Die beiden beschlossen, nach Bekleidungsgeschäften Ausschau zu halten, um sich ebenfalls Herigas zuzulegen. Für das hiesige Klima war das einfach die beste Bekleidung und sie konnte sich sicher sein, dass sie nicht unangenehm auffallen würden. Als sie die Preise im Schaufenster sahen, war jedoch schnell klar, dass dies hier ihr Budget übersteigen würde. Wer hatte eigentlich behauptet, dass in Elavien alles sehr günstig wäre?
„Ich glaube, das ist hier auch einfach so ein Bonzenviertel“, meinte Telia. „Vielleicht sollten wir in die Stadt reinfahren.“
Die beiden hatten noch jede Menge Zeit bis zum Abendessen im Hotel, also beschlossen sie, die U-Bahn zu nehmen und in die Innenstadt von Somi Dava zu wechseln. Mit ihrer Gästekarte konnten sie beliebig oft fahren und ohne Gepäck und tagsüber sprach auch nichts dagegen.
Zehn Minuten später erreichten die beiden die Altstadt von Somi Dava. Hier war, wie sie schon vom Taxi aus gemerkt hatten, viel mehr los und alles lief weniger geordnet ab.

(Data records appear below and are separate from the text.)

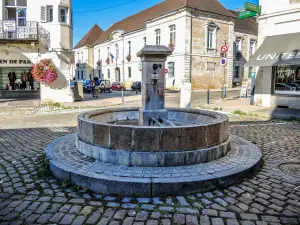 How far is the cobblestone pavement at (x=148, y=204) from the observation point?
3.13 metres

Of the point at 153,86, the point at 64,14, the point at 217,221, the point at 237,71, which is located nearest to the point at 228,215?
the point at 217,221

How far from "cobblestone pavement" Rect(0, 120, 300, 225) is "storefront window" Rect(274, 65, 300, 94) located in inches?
382

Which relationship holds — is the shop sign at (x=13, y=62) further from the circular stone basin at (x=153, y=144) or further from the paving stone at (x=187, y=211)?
the paving stone at (x=187, y=211)

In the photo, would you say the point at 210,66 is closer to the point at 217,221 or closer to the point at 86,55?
the point at 86,55

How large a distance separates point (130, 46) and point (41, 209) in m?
39.2

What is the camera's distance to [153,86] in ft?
19.8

Regina und Telia zogen einige Aufmerksamkeit auf sich. Viele der Passanten starrten sie an und sagten irgendetwas über sie, was sie aber mangels Elavisch-Kenntnissen nicht verstehen konnten. Immer wieder versuchte jemand, ihnen Dienstleistungen wie eine Stadtführung anzubieten. Während es so etwas in der Nähe des Hotels überhaupt nicht gegeben hatte, sahen sie hier auch immer wieder Bettler. In Arunien waren die meisten Obdachlosen Männer, hier bettelten jedoch auch sehr viele Frauen und Kinder. Zuerst gab Regina ihnen jedes Mal ein paar Münzen, aber es waren so viele, dass sie das unmöglich beibehalten konnte. Die Elavier selbst ignorierten die Bettler meist und Regina fragte sich, wie sie von dem, was sie hier bekamen, überhaupt überleben konnten.
Gerade die elavischen Kinder waren sehr neugierig und hatten keine Hemmung, die beiden Touristinnen anzustarren, oder mit dem Finger auf sie zu zeigen. Ein kleines Mädchen zog sogar an Reginas Haaren. Die Mutter kam herbeigeeilt und schimpfte ihre Tochter aus. Bei Regina und Telia entschuldigte sie sich in gebrochenem Arunisch und erklärte, dass ihre Tochter Reginas Haare so faszinierend fand und wissen wollte, ob sie wirklich echt waren. Die Kleine schaute verschmitzt zwischen den Beinen ihrer Mutter hervor und Regina konnte ihr nicht wirklich böse sein.
Der Individualabstand schien den Elaviern allgemein nicht so wichtig zu sein, jedenfalls zwischen Menschen desselben Geschlechts. Regina wurde ständig angetippt, oder zur Seite geschoben. Zuerst fand sie das etwas irritierend, aber dann dachte sie sich, dass sie in Elavien war und das dann akzeptieren musste, untereinander machten die Elavier das schließlich auch so.
Bald erreichten sie den Markt, wo sich sofort mehrere Kleidungshändlerinnen um sie scharten und versicherten, dass sie die günstigsten und besten Herigas im Angebot hätten, während die anderen nur schlechte und teure anbieten würden.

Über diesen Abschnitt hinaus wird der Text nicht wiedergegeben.